246 - In an earlier version of the disassembly I had located routines for things
247 like intersection of collision rectangles, but I deleted these symbols from
248 the present disassembly as my naming was based on a slightly earlier way of
249 thinking. It would be relatively easy to re-find and re-annotate this code.
251 - It turns out that the collision code is quite integrated into the rest of
252 the game logic. The game seems to use kind of an internal microcode which
253 consists of zero-terminated lists of bytes, and basically each game object
254 has various microcode routines, and many of the microcode bytes seem to be
255 the indices of other game objects that it needs to collision-test against.
257 - There are also other bytes such as 0xf0, which I think are not indices of
258 game objects, but rather, microcode commands, and you can see "cmp #0xf0"
259 and similar comparison chains throughout the code to implement these. I am
260 not sure if different kinds of collisions are implemented by different 0xfN
261 commands or by multiple object-indexed microcode tables or a combination.
263 - I am making the disassembly available in its present state (warts and all)
264 so that others can pick it up if they want to and progress things. In the
265 present .zip I have omitted a lot of my files to keep it to a manageable
266 package, and even then, there is still a lot to take in (hires loader, etc).
268 - My complete work directory with my emulator, shape extractor and compiler,
269 etc, is available at the following git repository on one of my servers:
271 https://git.ndcode.org/public/star_disasm.git
273 - Unfortunately the gitweb viewer on my server is broken. I think people are
274 hitting it from the Internet and causing it to crash and restart, and then
275 systemd is not letting it restart after a while. A git client still works.
277 - As I am not really ready to make a proper release, I haven't bothered with
278 LICENSE files and such. However, I intend to release my part of the work
279 (not the copyrighted material obviously) under a MIT license. This includes
280 the disassembler, the tracing infrastructure, etc. It's quite sophisticated
281 so I also considered GPLv2, but overall I prefer a more permissive license.

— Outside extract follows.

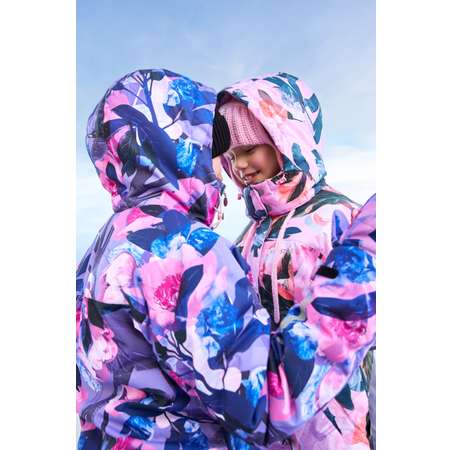 Комбинезон NIKASTYLE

283 - It is a work in progress, and I am not all that happy with how it handles
284 the shape editing and various other things. The disassembler also does not
285 have good support for the control file or the ability to add comments or
286 override the operand fields in instructions, and so whilst it can do a lot
287 automatically, it's hard to deal with the case where it gets things wrong.
288 It also does not have good support for immediate operands yet, although it
289 handles all the other addressing modes intelligently. I plan to add an enum
290 feature so that it can more readably decompile constants and the microcode.
292 - I will not be able to work on the project for a bit, so please enjoy for now.